-- THE INPUT --
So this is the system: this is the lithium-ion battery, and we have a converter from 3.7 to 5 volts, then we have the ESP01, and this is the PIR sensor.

==

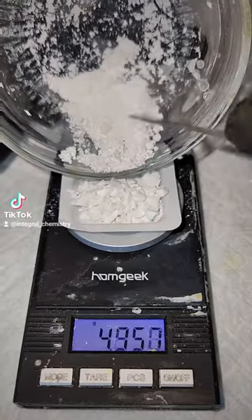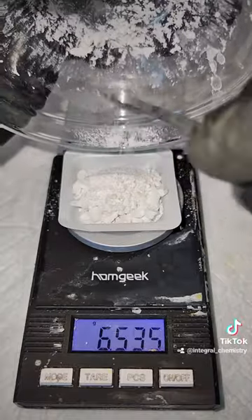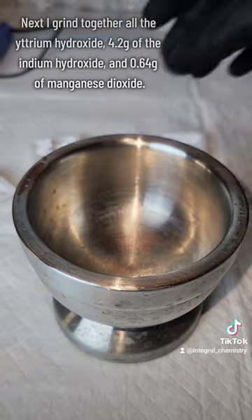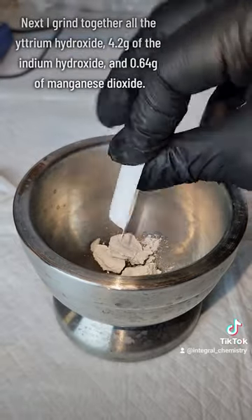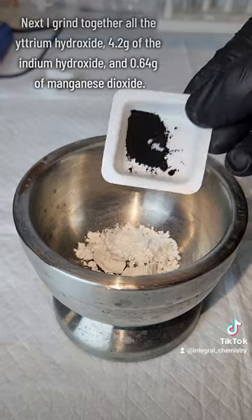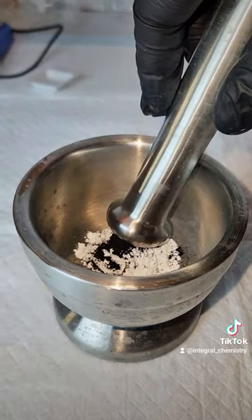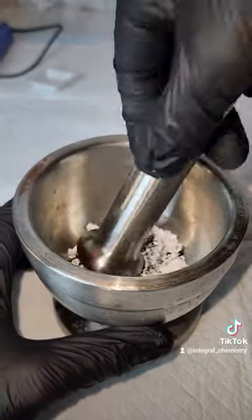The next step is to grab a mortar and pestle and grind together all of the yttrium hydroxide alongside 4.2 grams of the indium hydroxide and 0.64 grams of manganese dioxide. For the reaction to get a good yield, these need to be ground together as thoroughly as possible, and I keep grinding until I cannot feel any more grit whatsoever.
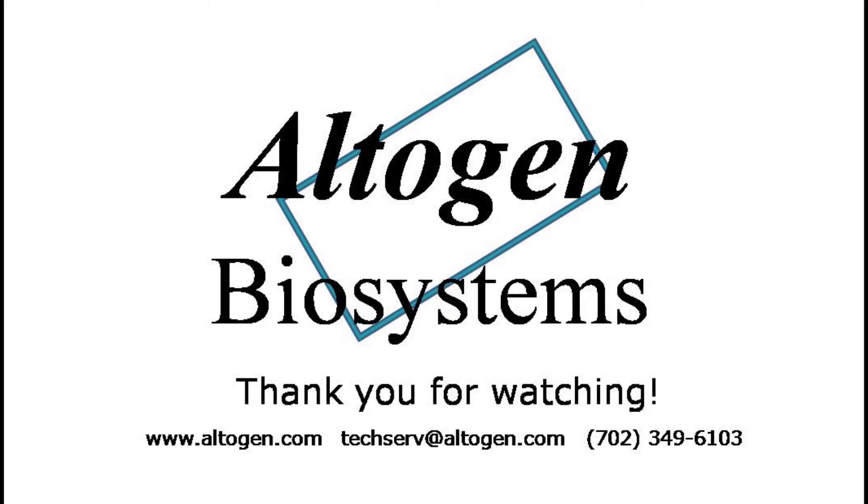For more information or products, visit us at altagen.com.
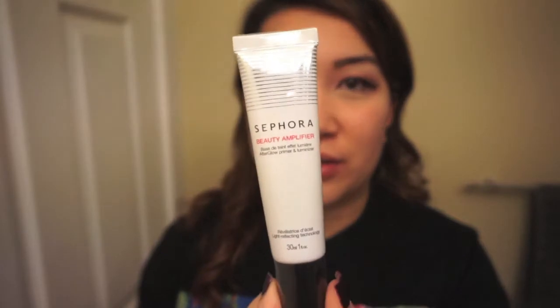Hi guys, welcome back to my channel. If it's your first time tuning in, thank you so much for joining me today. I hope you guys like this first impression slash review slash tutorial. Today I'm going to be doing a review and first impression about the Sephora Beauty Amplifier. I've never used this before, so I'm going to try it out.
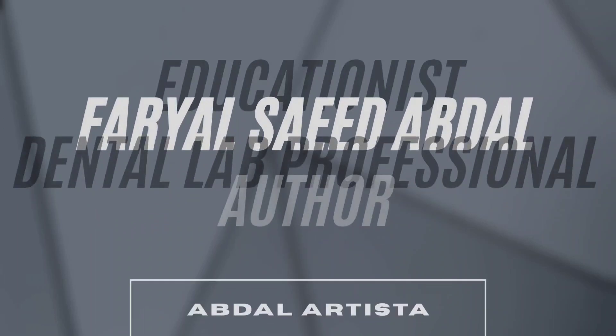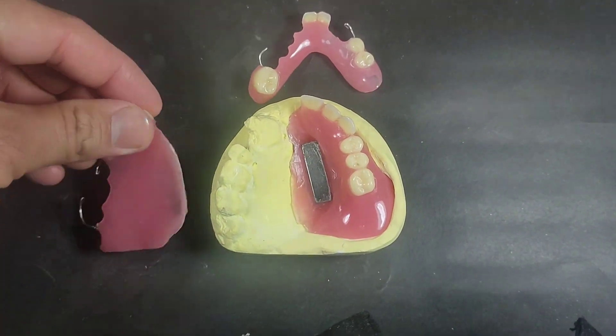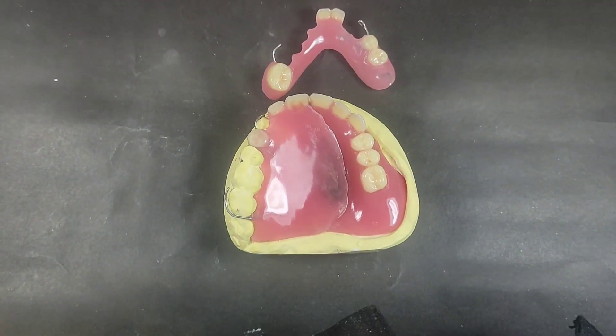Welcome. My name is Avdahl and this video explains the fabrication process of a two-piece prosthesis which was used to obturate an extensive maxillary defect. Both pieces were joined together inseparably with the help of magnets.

==

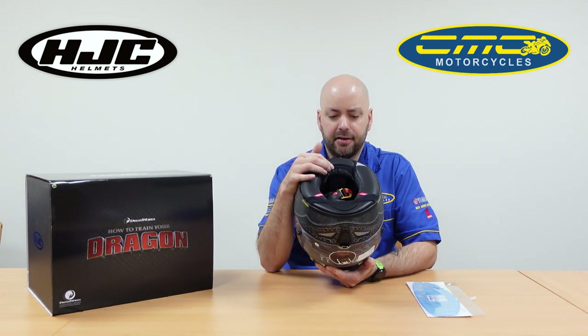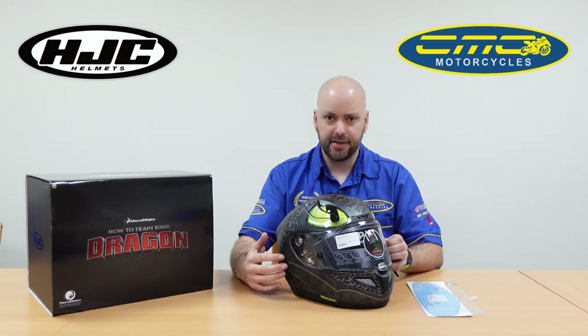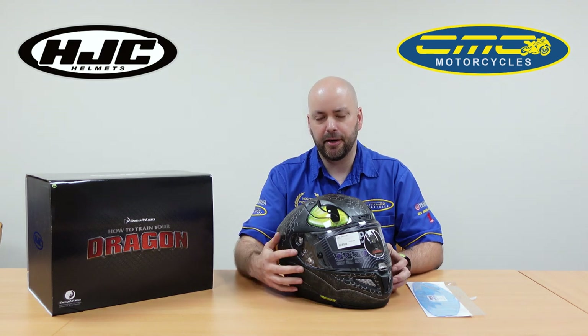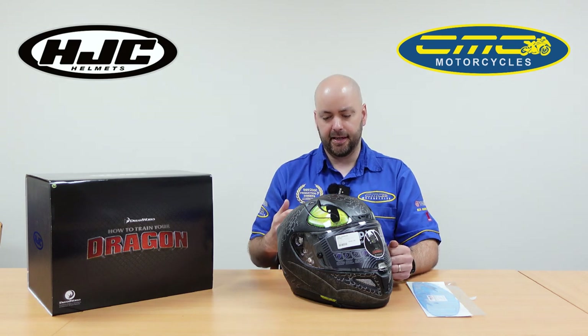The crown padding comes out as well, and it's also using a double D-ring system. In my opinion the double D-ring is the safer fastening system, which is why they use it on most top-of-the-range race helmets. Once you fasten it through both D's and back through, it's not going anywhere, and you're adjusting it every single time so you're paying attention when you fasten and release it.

-- TO DO --
Repeat, without pictures, exactly the lines of the data above from the one containing "The next step" through the one containing "For more information", including both and adding nothing.

-- ANSWER TO THIS TASK --
The next step is to grab a mortar and pestle and grind together all of the yttrium hydroxide alongside 4.2 grams of the indium hydroxide and 0.64 grams of manganese dioxide. For the reaction to get a good yield, these need to be ground together as thoroughly as possible, and I keep grinding until I cannot feel any more grit whatsoever.
For more information or products, visit us at altagen.com.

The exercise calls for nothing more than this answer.